Time series framework¶
The simple time series modeling framework can be illustrated as follows:
- The Forecast Point defines an arbitrary point in time for making a prediction.
- The Feature Derivation Window (FDW), to the left of the Forecast Point, defines a rolling window of data that DataRobot uses to derive new features for the modeling dataset.
- Finally, the Forecast Window (FW), to the right of the Forecast Point, defines the range of future values you want to predict (known as the Forecast Distances (FDs)). The Forecast Window tells DataRobot, "Make a prediction for each day inside this window."
Note that the values specified for the Forecast Window are inclusive. For example, if set to +2 days through +7 days, the window includes days 2, 3, 4, 5, 6, and 7. By contrast, the Feature Derivation Window does not include the left boundary but does include the right boundary. (In the image above, DataRobot uses from 7 days before the Forecast Point to 27 days before, but not day 28). This is important to consider when setting the window because it means that DataRobot sets lags exclusive of the left (older) side, but inclusive of the right (newer) side. Be aware that when using a differenced feature list at prediction time, you need to account for the difference. For example, if a model uses 7-day differencing, and the feature derivation window spanned [-28 to 0] days, the effective derivation window would be [-35 to 0] days.

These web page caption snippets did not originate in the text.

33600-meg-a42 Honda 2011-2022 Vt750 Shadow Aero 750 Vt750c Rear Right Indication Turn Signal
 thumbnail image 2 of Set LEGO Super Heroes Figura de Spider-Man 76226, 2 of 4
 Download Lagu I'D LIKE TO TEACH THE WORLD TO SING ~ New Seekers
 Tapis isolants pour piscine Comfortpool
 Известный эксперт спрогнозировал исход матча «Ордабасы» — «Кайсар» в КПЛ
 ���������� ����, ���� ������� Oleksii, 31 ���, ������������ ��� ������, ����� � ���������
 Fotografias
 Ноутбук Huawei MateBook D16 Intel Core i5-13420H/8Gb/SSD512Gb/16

The time series framework captures the business logic of how your model will be used by encoding the amount of recent history required to make new predictions. Setting the recent history configures a rolling window used for creating features, the forecast point, and ultimately, predictions. In other words, it sets a minimum constraint on the feature creation process and a minimum history requirement for making predictions.
In the framework illustrated above, for example, DataRobot uses data from the previous 28 days and as recent as up to 7 days ago. The forecast distances the model will report are for days 2 through 7—your predictions will include one row for each of those days. The Forecast Window provides an objective way to measure the total accuracy of the model for training, where total error can be measured by averaging across all potential Forecast Points in the data and the accuracy for each forecast distance in the window.
Now, add the gaps that are inherent to time series problems.
This illustration includes the blind history gap (BHG) and the can't operationalize gap (COG).
BHG captures the gap created by the delay of access to recent data (e.g., “most recent” may always be one week old). The BHG is the smaller of the values supplied in the Forecast Derivation Window. A gap of zero means "use data up to and including today," a gap of one means "use data starting from yesterday" and so on.
The "can't operationalize gap" occurs immediately after the Forecast Point. This is the period of time that is too near-term to be useful. For example, predicting staffing needs for tomorrow may be too late to allow for taking action on that prediction.